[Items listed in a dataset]
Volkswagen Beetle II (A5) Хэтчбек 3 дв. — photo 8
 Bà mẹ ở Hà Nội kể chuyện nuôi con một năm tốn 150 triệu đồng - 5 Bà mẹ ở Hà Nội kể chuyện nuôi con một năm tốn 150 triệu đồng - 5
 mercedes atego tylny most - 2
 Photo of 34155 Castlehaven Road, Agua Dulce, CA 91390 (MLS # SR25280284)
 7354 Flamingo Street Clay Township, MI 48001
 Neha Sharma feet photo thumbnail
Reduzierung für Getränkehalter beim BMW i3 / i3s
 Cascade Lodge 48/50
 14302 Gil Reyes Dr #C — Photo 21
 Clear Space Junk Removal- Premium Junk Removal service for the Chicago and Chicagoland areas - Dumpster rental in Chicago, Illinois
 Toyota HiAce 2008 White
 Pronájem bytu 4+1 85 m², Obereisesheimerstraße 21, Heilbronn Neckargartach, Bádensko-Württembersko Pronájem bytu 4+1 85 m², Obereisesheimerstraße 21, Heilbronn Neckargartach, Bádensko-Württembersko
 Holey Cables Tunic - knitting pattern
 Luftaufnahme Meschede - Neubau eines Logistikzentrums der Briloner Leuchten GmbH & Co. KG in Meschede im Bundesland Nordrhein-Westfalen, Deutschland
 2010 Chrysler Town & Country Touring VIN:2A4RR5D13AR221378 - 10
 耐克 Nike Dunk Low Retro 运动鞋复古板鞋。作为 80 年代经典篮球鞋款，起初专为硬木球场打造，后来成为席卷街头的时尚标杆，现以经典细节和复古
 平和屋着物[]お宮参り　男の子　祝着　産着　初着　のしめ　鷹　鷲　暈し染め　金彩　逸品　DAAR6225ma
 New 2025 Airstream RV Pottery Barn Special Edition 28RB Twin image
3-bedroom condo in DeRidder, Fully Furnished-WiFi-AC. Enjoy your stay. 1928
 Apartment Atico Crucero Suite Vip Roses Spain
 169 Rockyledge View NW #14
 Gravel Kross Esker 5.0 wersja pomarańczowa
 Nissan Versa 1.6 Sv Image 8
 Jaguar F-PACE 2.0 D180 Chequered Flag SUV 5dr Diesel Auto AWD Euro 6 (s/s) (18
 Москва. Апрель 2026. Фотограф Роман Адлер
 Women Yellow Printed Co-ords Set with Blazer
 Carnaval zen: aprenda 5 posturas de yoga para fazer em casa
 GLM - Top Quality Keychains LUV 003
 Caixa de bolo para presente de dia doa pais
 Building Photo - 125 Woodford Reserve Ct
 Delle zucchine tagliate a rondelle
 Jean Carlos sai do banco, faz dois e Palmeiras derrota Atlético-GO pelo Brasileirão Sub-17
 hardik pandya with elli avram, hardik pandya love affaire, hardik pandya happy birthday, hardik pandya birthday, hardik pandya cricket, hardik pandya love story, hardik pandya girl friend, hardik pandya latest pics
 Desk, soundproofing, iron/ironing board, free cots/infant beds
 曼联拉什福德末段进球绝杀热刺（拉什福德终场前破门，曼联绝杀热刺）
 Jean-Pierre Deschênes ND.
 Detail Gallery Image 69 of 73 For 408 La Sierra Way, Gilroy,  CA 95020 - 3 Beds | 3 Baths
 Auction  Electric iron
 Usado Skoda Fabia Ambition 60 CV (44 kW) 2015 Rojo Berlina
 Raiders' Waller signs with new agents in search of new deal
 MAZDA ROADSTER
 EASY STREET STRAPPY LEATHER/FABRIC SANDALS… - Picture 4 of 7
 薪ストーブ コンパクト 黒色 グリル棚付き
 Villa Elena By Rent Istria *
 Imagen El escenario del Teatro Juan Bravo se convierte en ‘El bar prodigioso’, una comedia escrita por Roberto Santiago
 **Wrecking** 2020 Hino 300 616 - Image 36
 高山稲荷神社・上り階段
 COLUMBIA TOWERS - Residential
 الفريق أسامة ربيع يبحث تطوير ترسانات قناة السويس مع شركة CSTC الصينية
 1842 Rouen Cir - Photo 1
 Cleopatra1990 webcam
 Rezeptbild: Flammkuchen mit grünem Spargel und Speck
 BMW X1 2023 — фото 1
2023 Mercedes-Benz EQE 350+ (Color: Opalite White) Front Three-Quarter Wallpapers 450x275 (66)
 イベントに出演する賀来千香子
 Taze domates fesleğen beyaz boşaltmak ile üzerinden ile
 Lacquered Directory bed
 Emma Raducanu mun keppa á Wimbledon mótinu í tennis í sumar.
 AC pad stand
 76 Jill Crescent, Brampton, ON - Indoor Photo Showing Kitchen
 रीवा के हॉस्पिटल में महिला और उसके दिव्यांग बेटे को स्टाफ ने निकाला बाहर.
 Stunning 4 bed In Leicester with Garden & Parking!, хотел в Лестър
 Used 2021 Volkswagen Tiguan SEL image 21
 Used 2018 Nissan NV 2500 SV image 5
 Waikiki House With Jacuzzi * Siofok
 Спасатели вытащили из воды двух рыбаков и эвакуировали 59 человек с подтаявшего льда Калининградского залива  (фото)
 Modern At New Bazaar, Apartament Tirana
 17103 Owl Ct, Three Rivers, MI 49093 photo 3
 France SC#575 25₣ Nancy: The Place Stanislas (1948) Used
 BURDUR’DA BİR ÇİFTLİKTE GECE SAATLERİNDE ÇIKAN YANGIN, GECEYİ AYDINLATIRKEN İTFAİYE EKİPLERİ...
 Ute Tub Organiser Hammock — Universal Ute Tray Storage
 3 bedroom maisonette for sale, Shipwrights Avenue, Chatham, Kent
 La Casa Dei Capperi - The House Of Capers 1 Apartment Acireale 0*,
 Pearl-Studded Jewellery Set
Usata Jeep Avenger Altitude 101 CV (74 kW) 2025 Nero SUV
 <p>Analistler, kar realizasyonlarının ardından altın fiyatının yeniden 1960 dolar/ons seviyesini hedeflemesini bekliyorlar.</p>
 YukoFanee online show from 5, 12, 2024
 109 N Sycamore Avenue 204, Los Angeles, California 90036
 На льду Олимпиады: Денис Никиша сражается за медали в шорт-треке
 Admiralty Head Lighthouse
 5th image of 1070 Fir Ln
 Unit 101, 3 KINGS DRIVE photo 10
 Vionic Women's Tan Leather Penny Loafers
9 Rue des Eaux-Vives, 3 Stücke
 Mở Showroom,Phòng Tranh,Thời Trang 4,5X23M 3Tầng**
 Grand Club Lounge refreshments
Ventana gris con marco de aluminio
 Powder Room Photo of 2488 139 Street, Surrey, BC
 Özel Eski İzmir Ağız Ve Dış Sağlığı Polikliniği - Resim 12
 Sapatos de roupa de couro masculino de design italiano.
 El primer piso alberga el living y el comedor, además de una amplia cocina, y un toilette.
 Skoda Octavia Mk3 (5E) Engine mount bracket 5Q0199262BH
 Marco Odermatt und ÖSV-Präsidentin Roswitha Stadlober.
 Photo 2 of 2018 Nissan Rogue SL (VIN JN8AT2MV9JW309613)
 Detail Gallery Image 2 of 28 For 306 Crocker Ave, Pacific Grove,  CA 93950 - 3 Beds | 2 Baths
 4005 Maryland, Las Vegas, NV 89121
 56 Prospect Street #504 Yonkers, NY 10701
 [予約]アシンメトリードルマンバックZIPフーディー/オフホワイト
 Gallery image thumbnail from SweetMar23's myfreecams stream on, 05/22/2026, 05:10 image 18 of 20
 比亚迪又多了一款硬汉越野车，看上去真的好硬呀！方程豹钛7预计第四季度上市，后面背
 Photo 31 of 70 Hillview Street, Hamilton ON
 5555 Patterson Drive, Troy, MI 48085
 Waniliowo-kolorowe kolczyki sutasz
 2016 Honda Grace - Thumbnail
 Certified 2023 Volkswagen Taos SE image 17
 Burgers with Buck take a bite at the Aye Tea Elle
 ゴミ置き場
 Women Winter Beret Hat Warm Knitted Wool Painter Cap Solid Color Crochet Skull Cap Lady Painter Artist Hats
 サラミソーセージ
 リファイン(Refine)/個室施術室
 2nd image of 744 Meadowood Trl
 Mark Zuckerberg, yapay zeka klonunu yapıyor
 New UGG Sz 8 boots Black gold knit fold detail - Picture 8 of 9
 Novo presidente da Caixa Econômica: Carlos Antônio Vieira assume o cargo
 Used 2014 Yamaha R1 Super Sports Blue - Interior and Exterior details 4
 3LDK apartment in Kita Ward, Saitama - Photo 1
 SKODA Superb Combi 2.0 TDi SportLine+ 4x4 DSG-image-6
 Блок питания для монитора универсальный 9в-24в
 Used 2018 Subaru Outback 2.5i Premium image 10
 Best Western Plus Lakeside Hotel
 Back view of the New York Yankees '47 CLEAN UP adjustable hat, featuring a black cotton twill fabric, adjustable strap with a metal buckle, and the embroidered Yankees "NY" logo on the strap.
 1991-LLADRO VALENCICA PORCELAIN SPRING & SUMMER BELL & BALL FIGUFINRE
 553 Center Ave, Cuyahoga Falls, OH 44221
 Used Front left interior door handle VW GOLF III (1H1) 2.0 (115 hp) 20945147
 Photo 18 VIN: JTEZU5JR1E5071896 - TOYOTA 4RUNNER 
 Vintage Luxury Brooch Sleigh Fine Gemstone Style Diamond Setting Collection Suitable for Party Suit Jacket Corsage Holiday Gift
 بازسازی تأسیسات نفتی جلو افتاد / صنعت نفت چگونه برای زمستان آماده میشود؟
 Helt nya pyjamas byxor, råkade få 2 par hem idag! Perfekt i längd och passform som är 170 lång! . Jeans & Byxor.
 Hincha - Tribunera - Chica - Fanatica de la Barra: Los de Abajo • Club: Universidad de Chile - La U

▸ **YOUR GOAL**
Copy, exactly and only, the lines above that begin with the one containing "Certified 2023 Volkswagen Taos SE image 17" and finish with the one containing "New UGG Sz 8".

▸ **THE COMPLETED TASK**
 Certified 2023 Volkswagen Taos SE image 17
 Burgers with Buck take a bite at the Aye Tea Elle
 ゴミ置き場
 Women Winter Beret Hat Warm Knitted Wool Painter Cap Solid Color Crochet Skull Cap Lady Painter Artist Hats
 サラミソーセージ
 リファイン(Refine)/個室施術室
 2nd image of 744 Meadowood Trl
 Mark Zuckerberg, yapay zeka klonunu yapıyor
 New UGG Sz 8 boots Black gold knit fold detail - Picture 8 of 9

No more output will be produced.